Na quinta, 19 de março de 2015, às 14h, eu estava pronto pra entrar em um novo ciclo em meu trabalho. Copa conquistada, novos desafios pela frente. Meu celular toca. Um e-mail da NYU. Abro o anexo. A primeira folha da carta é igual à do ano anterior: parabéns, você passou. Na segunda, uma surpresa: “você foi aceito com bolsa integral”.

Faz poucos dias que me despedi dos meus colegas de empresa, deixando para trás três anos e meio de trabalho e convivência. A vida é feita de escolhas. Como dizia meu chefe, “não se pode comer o bolo e ficar com o bolo”.

Mês que vem, embarco num avião para Nova York. Para um período de estudos de dois anos. Fiz a coisa certa? Acho que sim. O que me aguarda no futuro? Não tenho a menor ideia. Mas estou preparado para lidar com o que vier. É fácil dar um salto desses?
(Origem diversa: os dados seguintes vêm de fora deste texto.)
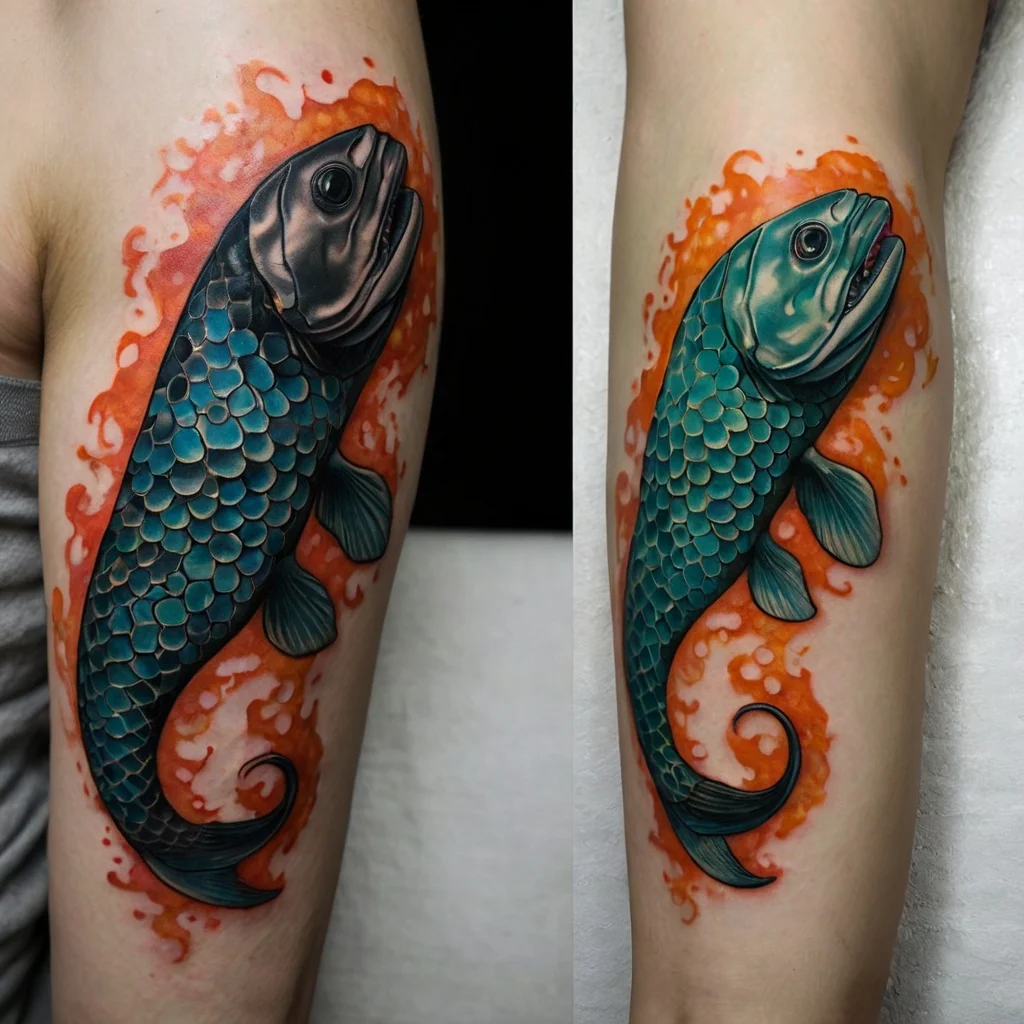 Tattoo of a teal fish with detailed scales, surrounded by vibrant orange waves, symbolizing strength and fluidity.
Absolutamente, não.

Estou trocando um bom emprego – coisa que está em falta hoje no Brasil – e o conforto e a segurança de trabalhar para uma grande empresa, para voltar a ter uma vida de estudante. Apesar da bolsa, que paga o tuition fee na universidade, terei que torrar a minha poupança e realizar trabalhos estudantis para arcar com os custos de casa e comida nos Estados Unidos.

Estou trocando o mercado publicitário, no qual já começava a conquistar meu espaço, para ser roteirista e viver os riscos da economia criativa, trabalhando de projeto em projeto (meu curso na Tisch é “Escrita Dramática”, uma mistura de TV, cinema e teatro). Não foi fácil tomar essa decisão. Assim como nada foi fácil nesse processo que resultou na minha ida para a NYU. Não sou o gênio brilhante que mandou um texto e foi aceito de primeira, com louvores — sou o cara que não desistiu, o que aguentou mais tempo, o que insistiu mais.

A vida tem seu próprio acceptance rate. E com frequência ele é menor que 5%. Então você tem que estar disposto a ralar.

É isso que diferencia os que correm atrás dos seus sonhos, por mais impossíveis que eles possam parecer, e por mais sacrifícios que eles possam impor, daqueles que olham da arquibancada e falam “que cara sortudo, eu queria ter essa sorte também”. Ou então: “que cara talentoso, eu queria ter esse tanto de talento também”. Sim, é preciso ter talento. Sim, é preciso ter um pouco de sorte. Mas, mais do que tudo, é preciso ter muita força de vontade e correr atrás.

A gente sempre pensa que o cara que está recebendo o prêmio no pódio é um vencedor nato, e está lá, sorridente e elegante, porque as coisas acontecem para ele. A verdade é que ele está lá todo suado, cansado, estropiado. Nada está garantido para ninguém – o que equivale a dizer que tudo está ao alcance de todos.

Quando você consegue o que quer, e recebe o prêmio, exausto, no fundo está se perguntando, em silêncio, se tudo aquilo valeu a pena. Faz sentido deixar o conforto, a vida mais segura, o sono tranquilo? Faz sentido ter que falar tchau para seus amigos, sua família, ver as lágrimas rolarem dos olhos de quem você ama – e dos seus também?

Não sei — só vou poder responder isso daqui a alguns anos. Ou, talvez, nunca. Mas mesmo se eu quebrar a cara, ficar sem dinheiro, voltar derrotado, pelo menos eu fui ver qual é. Explorei a possibilidade. Atendi o chamado quando ele surgiu em meu peito. Ninguém poderá dizer, nem eu mesmo, que eu não tentei. E isso não tem preço.

Tenho certeza de que quando o perfil da cidade se desenhar na janela do táxi, e o topo do Empire State Building despontar no meio de Manhattan — meu novo lar visto por quem chega do aeroporto —, pelo menos nesse momento, valerá muito a pena.

 

Francisco Chocholous, 25, é escritor, e atuou como editor-chefe das redes sociais do Itaú de 2013 a 2015.